Metadata-Version: 2.1
Name: seqsum
Version: 0.2.0
Summary: Robust individual and aggregate checksums for nucleotide sequences
Author-email: Bede Constantinides <bedeabc@gmail.com>
Requires-Python: >=3.10
Description-Content-Type: text/markdown
Classifier: License :: OSI Approved :: MIT License
Requires-Dist: defopt
Requires-Dist: dnaio
Requires-Dist: tqdm
Requires-Dist: xxhash
Requires-Dist: zstandard
Requires-Dist: pytest>=7.4.3 ; extra == "dev"
Requires-Dist: pre-commit>=3.5.0 ; extra == "dev"
Requires-Dist: ruff>=0.1.5 ; extra == "dev"
Requires-Dist: flit>=3.9.0 ; extra == "dev"
Project-URL: Home, https://github.com/bede/seqsum
Provides-Extra: dev

[![Tests](https://github.com/bede/seqsum/actions/workflows/test.yml/badge.svg)](https://github.com/bede/seqsum/actions/workflows/test.yml) [![PyPI version](https://img.shields.io/pypi/v/seqsum)](https://pypi.org/project/seqsum)

# Seqsum

Robust individual and aggregate checksums for nucleotide sequences. Accepts data from either standard input or `fast[a|q][.gz|.zst|.xz|.bz2]` files. Generates *individual* checksums for each sequence, and an *aggregate* checksum-of-checksums for a collection of sequences. Warnings are shown for duplicate sequences and within-collection checksum collisions at the chosen bit depth. Sequences are uppercased prior to hashing with [xxHash](https://github.com/ifduyue/python-xxhash) (`xxh3_128`) and may optionally be normalised (with `-n`) to use only the characters `ACGTN-`. Read IDs and base quality scores do not inform the checksum.
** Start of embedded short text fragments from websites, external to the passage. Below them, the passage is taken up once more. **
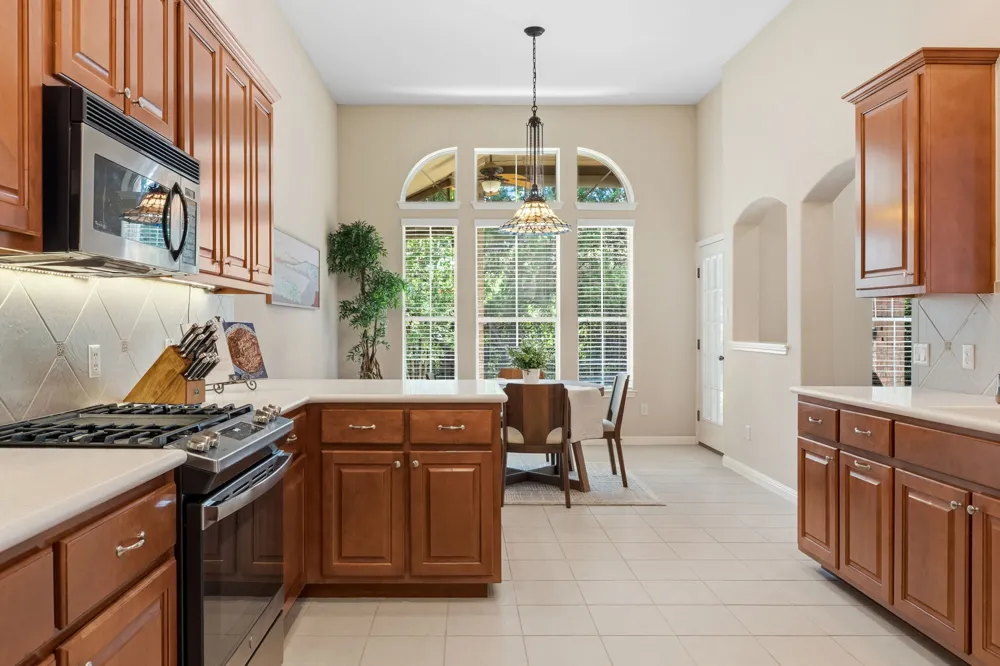 511 Mandarin Flyway Cedar Park, TX 78613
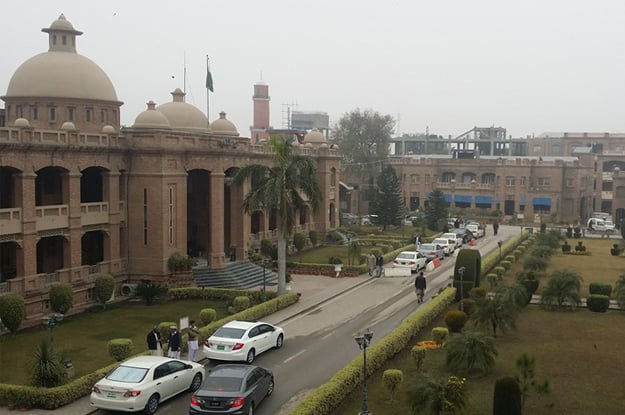 civil secretariat peshawar photo twitter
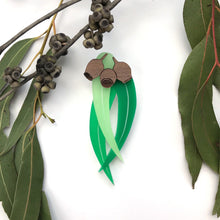 Load image into Gallery viewer, Gumnut Brooch - Green
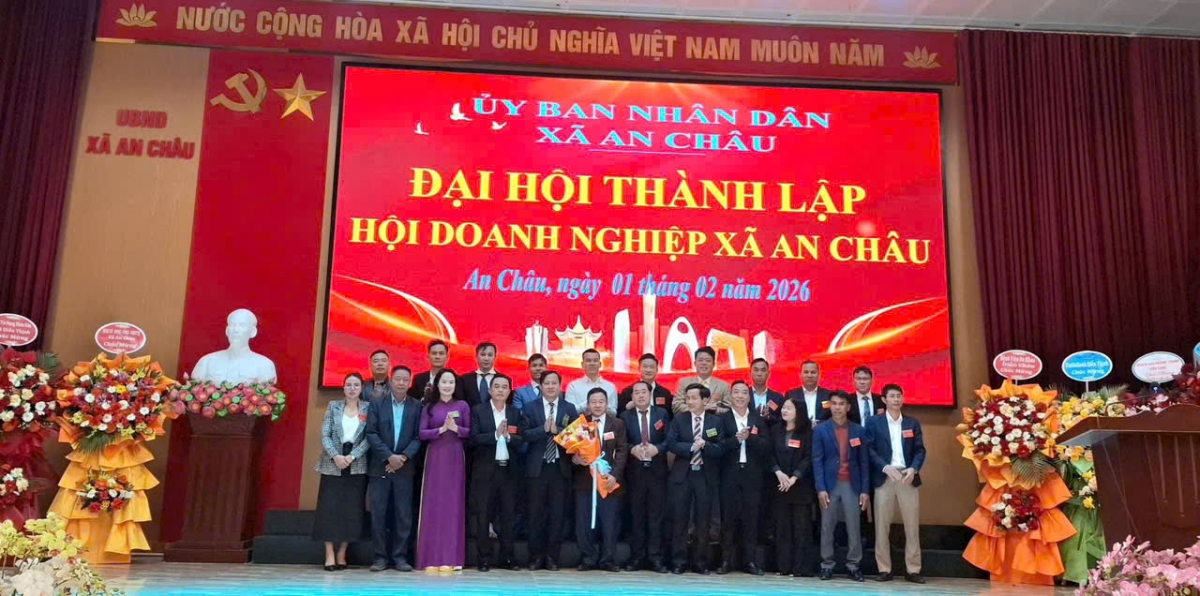 Ông Phạm Ngọc Thắng ( ôm hoa đứng giữa) nhận nhiệm vụ Chủ tịch hội doanh nghiệp xã An Châu. Ông Phạm Ngọc Thắng ( ôm hoa đứng giữa) nhận nhiệm vụ Chủ tịch hội doanh nghiệp xã An Châu.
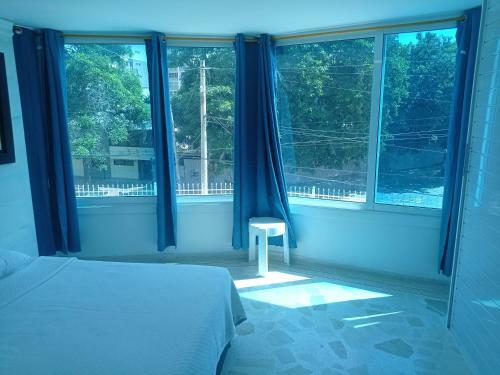 Hostal Casa Blanca Ciudad Jard�n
Outputs TSV or JSON to stdout.

A typical use case is for determining whether reordered, renamed or otherwise bit-inexact fasta/fastq files have equivalent sequence composition. Another use is generating the shortest possible collision-free identifiers for sequence collections.

## Install (Python 3.10+)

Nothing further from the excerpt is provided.